Depending on how much ground you need to cover, you may need to give more than one session. If that’s the case, one of the trainings should absolutely be focused on the company itself. This will give you an opportunity to communicate your mission, vision, and values, all of which are vital and exciting for new hires to hear and understand. Other sessions could focus on more tactical aspects of the business. For example, in our company, my husband (cofounder and CEO) gives the company overview, mission, vision, and values, while I speak to our brand, industry dynamics, and related skills.
Don’t know where to start? Check your inventory of corporate presentations and pitches you’ve delivered to banks, investors, or business partners. These can be repurposed as training materials and should spark some ideas for how you can structure your training. Some of this information may also be living on your corporate blog or in a company handbook.
3. Empower Your People
Your primary objective as a founder in the onboarding process is to give your people the confidence they need to carry out their roles and responsibilities. As a founder, your words weigh significantly more than anyone else’s do and will have a greater impact on day one. Make sure they are good words!

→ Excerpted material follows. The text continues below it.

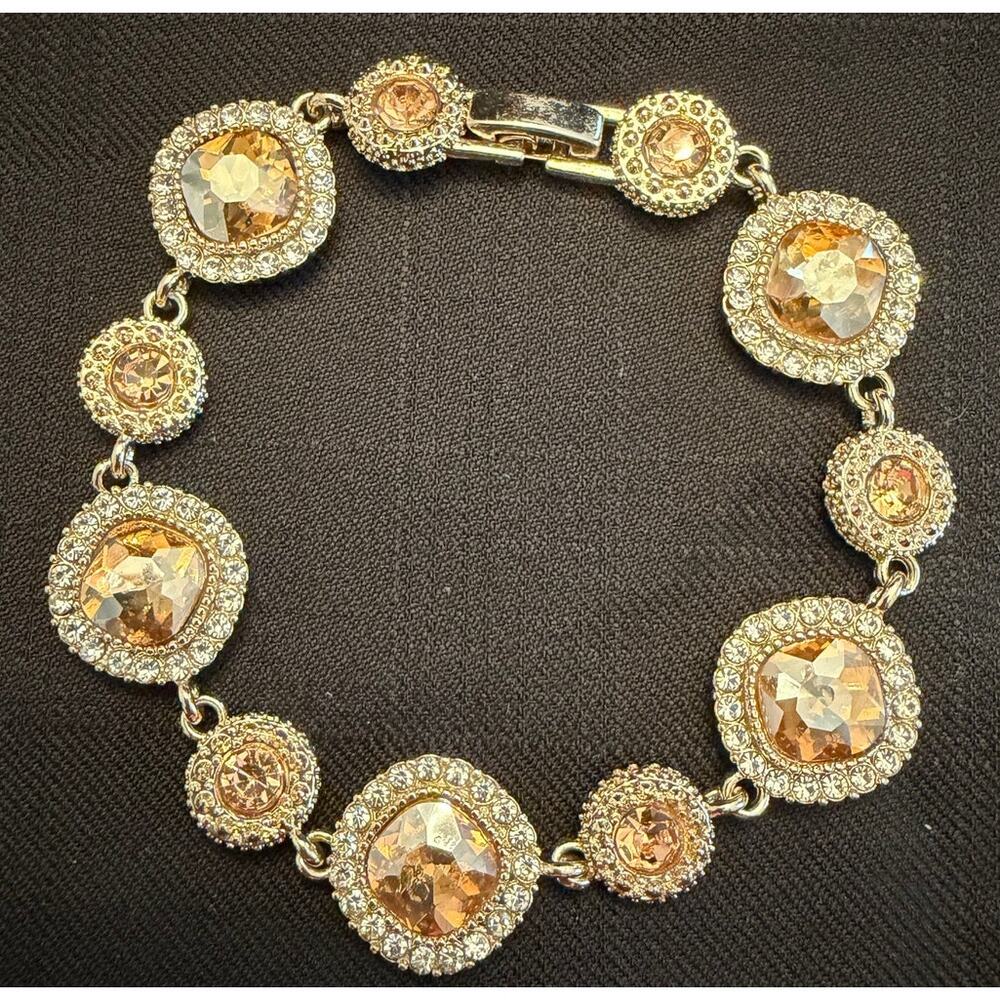 NWOT 14k gold over Stainless Steel 6.75” bracelet champagne colored crystals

While crafting your message, remember: This is your chance to launch new employees into the business and the world of serving your customers. If you’re unsure how to convey your message, try helping your team understand:
- how their individual efforts contribute to the overall success of the company;
- that you want to see them grow professionally and personally while they work with you; and
- that you care about them and are walking this journey together.

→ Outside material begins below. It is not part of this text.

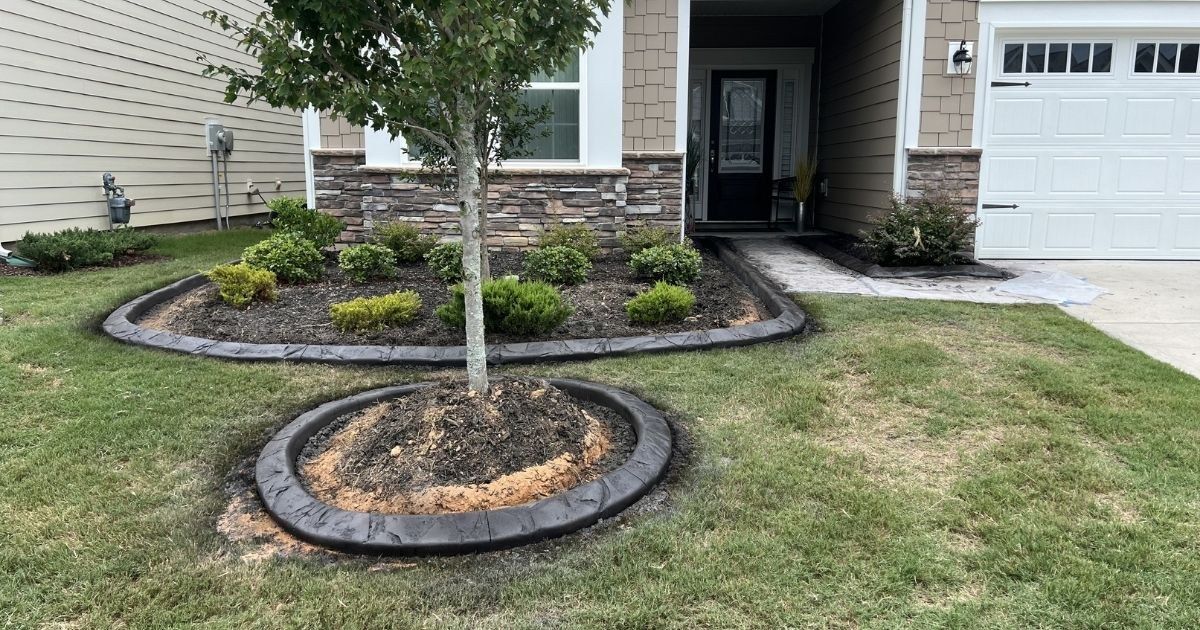 Before photo of well house area before curbing rock and plant installation in Clover SC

Use your passion for the business to spread your vision and light a fire within each new employee.
At the end of your presentation, send your team away with a benediction. Part of what you convey during the training should reinforce your enthusiasm for employees’ work and assure your new hires that the company is there to support them in achieving their goals.
Founders play an absolutely critical role during the onboarding process. Not only will being part of this process keep you connected to new team members, but it will also provide a platform to share what matters most to you in the business. Onboarding is your opportunity to educate, equip, and empower others to fully participate in the mission, vision, and values being lived out in your workplace every day.
Stephanie Ciccarelli is cofounder and chief brand officer of Voices.com.